Puede que Internet haya abierto enormemente la posibilidad de alcanzar una identidad sin necesidad de adoptarla realmente, jugueteando con la fantasía de la aceptación social (aunque sólo virtual) de “hacer creer”, pero el mundo presencial es más complejo y pesado.
El mundo físico requiere de un esfuerzo notable. Adquirir la construcción perfecta de identidad apta para esa exhibición y escrutinio público, y no parecer menos que los otros, no es tarea fácil.
Tal y como apunta Gilles Lipovetsky “lo que importa no es ya imponerse a los demás, sino confirmar el propio valor antes los propios ojos, estar satisfecho de uno mismo”. Algo que l´Oreal acuñó acertadamente con su “Porque yo lo valgo”.
Afortunadamente hay kits de identidad disponible, aunque uno no sabe bien dónde están los límites. Y no me refiero a la liga del merchandising (Cálico Electrónico y el Barça tienen hasta calzoncillos…que se venden). Me refiero a la auténtica liga. Primero nos creímos las gafas Armani, luego la ropa sportwear de Malboro (y su cowboy solitario, sin ataduras que vaga libremente en su caballo), ¿qué decir de un clásico como Harley-Davidson? ¿y la línea Hello Kitty?
Es el signo de la cultura consumista no tanto por destacar sino a no parecer menos que los otros. En esta época de hiperconsumo, tal como sugiere Lipovetsky, la obsesión por las marcas es una manifestación del individualismo igualitario especialmente entre los jóvenes (pero no exclusivamente). Echando por tierra la famosa oposición entre tribalismo e individualismo: Una marca subjetivadora como llave del deseo de integración en el grupo de los iguales.

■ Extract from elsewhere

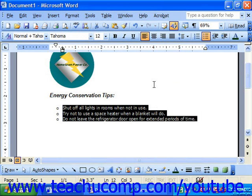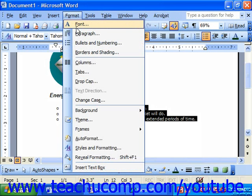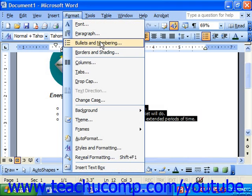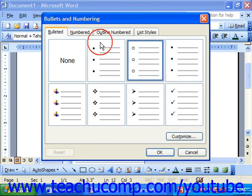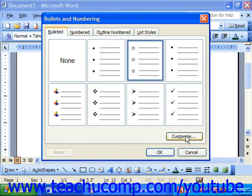If you wanted to change them, once again make sure the list is selected, choose Format from the menu bar, and roll down to Bullets and Numbering. This time choose the one that you would like to modify and click the Customize button in the lower right corner.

Aunque parece que el esnobismo por las marcas lujosas (antaño luz casi única de la aspiracionalidad) va a la baja, hoy la intención no es tanto buscar un reconocimiento social sino el placer más narcisista de diferenciarse –un poco- de lo ordinario. Si no, no se entiende las propuestas de marcas como Pirelli (zapatos, gafas, ropa,…) o los zapatos Caterpillar. ¿Acaso no hay suficientes marcas entre los fabricantes de cada categoría? Es la ley de la selva. O impones tu marca o te imponen otra.
A todo esto, el consumidor asiste invitado a esta feria de identidades, para acabar convirtiéndonos en un difícil (a menudo sonrojante) cocktail de marcas. Frente a este barroquismo marquista, no resulta sorprendente la meteórica ascensión de una propuesta como Muji nacida a principios de los 80s, como uno de los exponentes de marca sin logo.
Más allá de la demonización que sugiere la musa antiglobalización Naomi Klein con su No Logo (también convertido en icono y marca de su propio activismo), para mí el problema no son las marcas, si no la irremediable necesidad de no tener alternativas para “ser sin” y caer en el abuso del “ser con”. Y me temo, aunque a alguien le duela admitirlo, que no es culpa de las empresas y su marketing. Lo siento.